The Sagano bamboo forest grows on the outskirts of Kyoto near the Tenryu-Ji temple, in Kyoto, Japan. It is a quiet place in nature with a series of paths full of tourists where, if we manage to leave aside the sounds of visitors and their cameras, it will be possible to hear the rustling, creaking, and swaying of one of the most emblematic soundscapes of Japan. So much so that it has been recognized at a governmental level.
The Arashiyama (in northwestern Japan) region experiences unpredictable weather with a rather cool climate and bright sunlight. Here, summers are characterized as short, hot, and mostly cloudy. And winters are very cold, windy, partly cloudy, and mainly characterized by year-round humidity.
The dreamlike bamboo forest contrasts with the urbanity that surrounds it, making it seem like a dreamlike place amid reality. Its wooden paths intertwine with the dense thicket of tall bamboo stalks that reach dozens of meters, creating a canopy that blocks much of the sunlight, except for those lucky rays that manage to sneak through the thick landscape, creating an almost poetic atmosphere.
Over 50 varieties of bamboo grow in this unique ecosystem. Some of these varieties grow more than 20 meters high, making the light varies and offering various color effects depending on the time of day. At night the forest is illuminated and provides spectacular contrasts.

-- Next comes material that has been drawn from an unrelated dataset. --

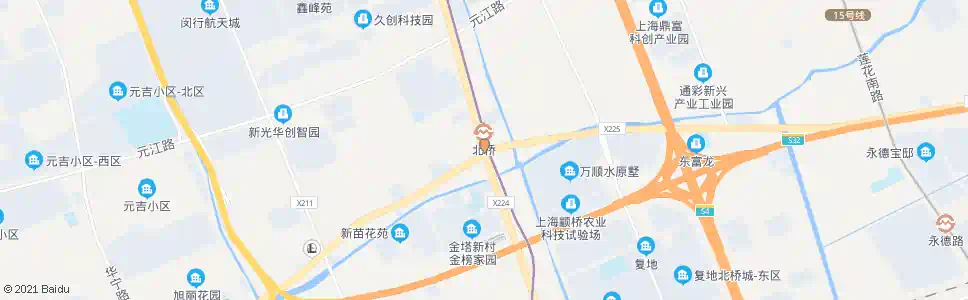 上海北松公路沪闵路_公交站地图_上海公交_妙搜公交查询2025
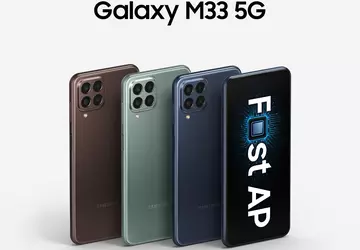 Samsung Galaxy M33 5G zaczyna otrzymywać ...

But the light is not the only attraction of the site, the soundscape is too. If you pay attention to your surroundings, you will notice that when the wind blows through the plants, the wood bends and creaks, creating a natural symphony. The leaves also do their own thing and bring their sounds to the landscape, coupled with the clashing of the bamboo trunks against each other, a sound that is unlike anything we have ever heard.
This meditative natural noise is so enchanting that Japan’s Ministry of the Environment designated the aural delights of this place as one of Japan’s 100 Soundscapes. This initiative was designed to encourage local people to get out and appreciate the acoustic wonders of the country.
If you manage to find a moment to visit the bamboo forest when it is empty, the combination of visual beauty and aural calm combine to offer a once-in-a-lifetime experience.